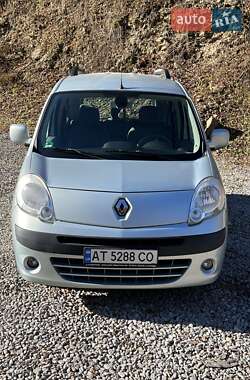 Минивэн Renault Kangoo 2009 в Сваляве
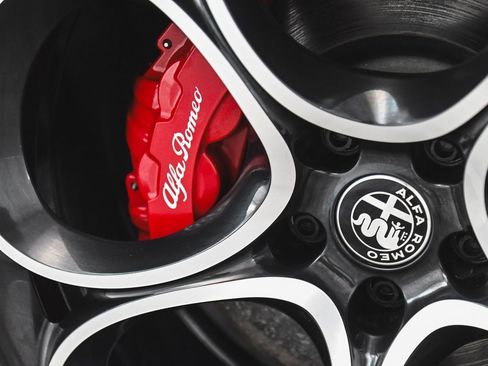 Used 2024 Alfa Romeo Stelvio Ti image 8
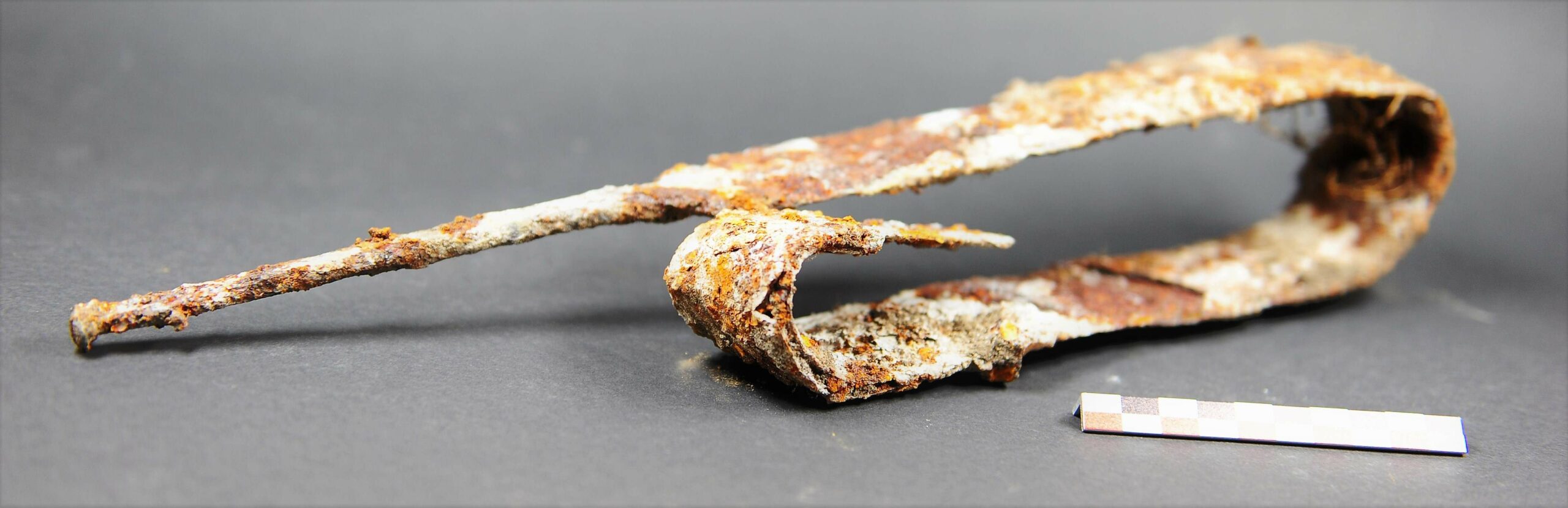 2,300 Jahre alte Schere und ein „gefaltetes“ Schwert in einem keltischen Feuerbestattungsgrab in Deutschland entdeckt 3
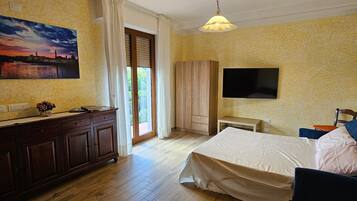 Tabla de planchar con plancha, wifi y ropa de cama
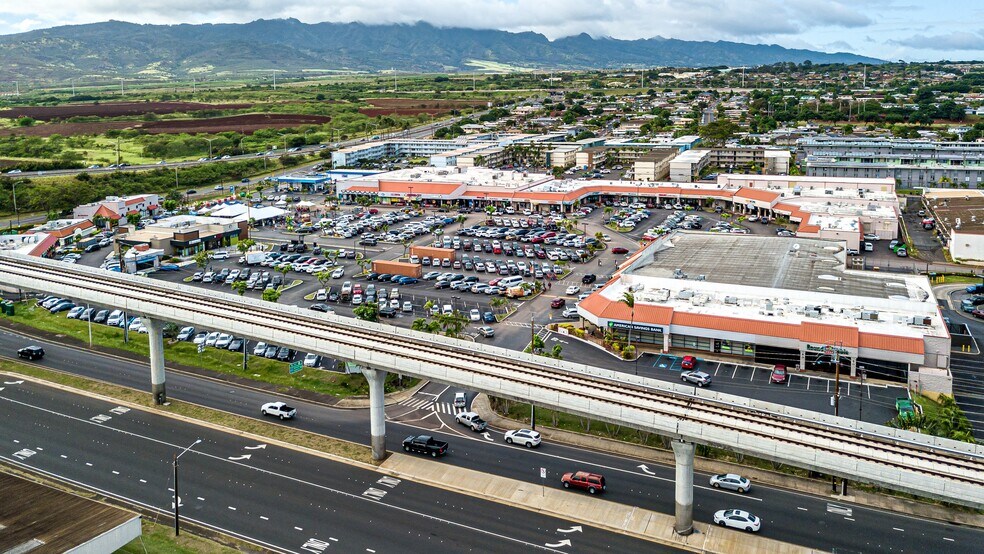 94-050 Farrington Hwy, Waipahu, HI à louer - Photo du bâtiment - Image 2 de 6
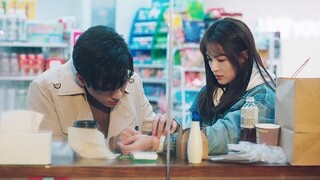 Ketua Pegawai Eksekutif meletakkan bantuan band di Cinderella. Cinderella tersenyum malu.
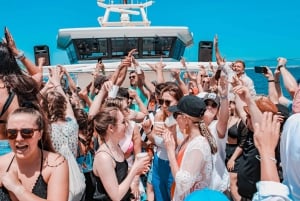Playa de Palma: Båtfest med DJ, buffet og underholdning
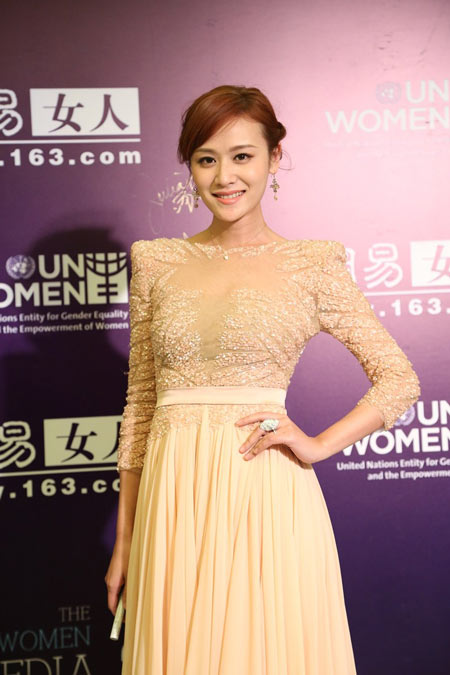 周笔畅张杰叶一茜俞灏明何洁 超女快男感情归宿揭秘(组图)图片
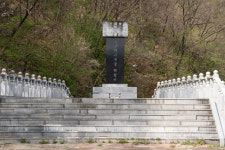 폐허 딛고 일어난 71년… 아직도 풀지 못한 한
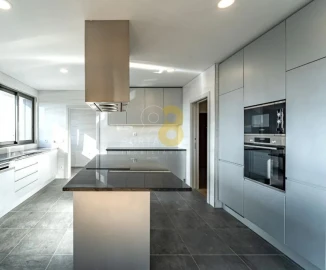 Apartamento T4 para Venda em Cedofeita, Santo Ildefonso, Sé, Miragaia, São Nicolau e Vitória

_ _ _ _ _ _ _

- [What needs to be done]: Restate the listing above word for word, and skip the pictures.

- [Response below]:
 Минивэн Renault Kangoo 2009 в Сваляве
 Used 2024 Alfa Romeo Stelvio Ti image 8
 2,300 Jahre alte Schere und ein „gefaltetes“ Schwert in einem keltischen Feuerbestattungsgrab in Deutschland entdeckt 3
 Tabla de planchar con plancha, wifi y ropa de cama
 94-050 Farrington Hwy, Waipahu, HI à louer - Photo du bâtiment - Image 2 de 6
 Ketua Pegawai Eksekutif meletakkan bantuan band di Cinderella. Cinderella tersenyum malu.
Playa de Palma: Båtfest med DJ, buffet og underholdning
 周笔畅张杰叶一茜俞灏明何洁 超女快男感情归宿揭秘(组图)图片
 폐허 딛고 일어난 71년… 아직도 풀지 못한 한
 Apartamento T4 para Venda em Cedofeita, Santo Ildefonso, Sé, Miragaia, São Nicolau e Vitória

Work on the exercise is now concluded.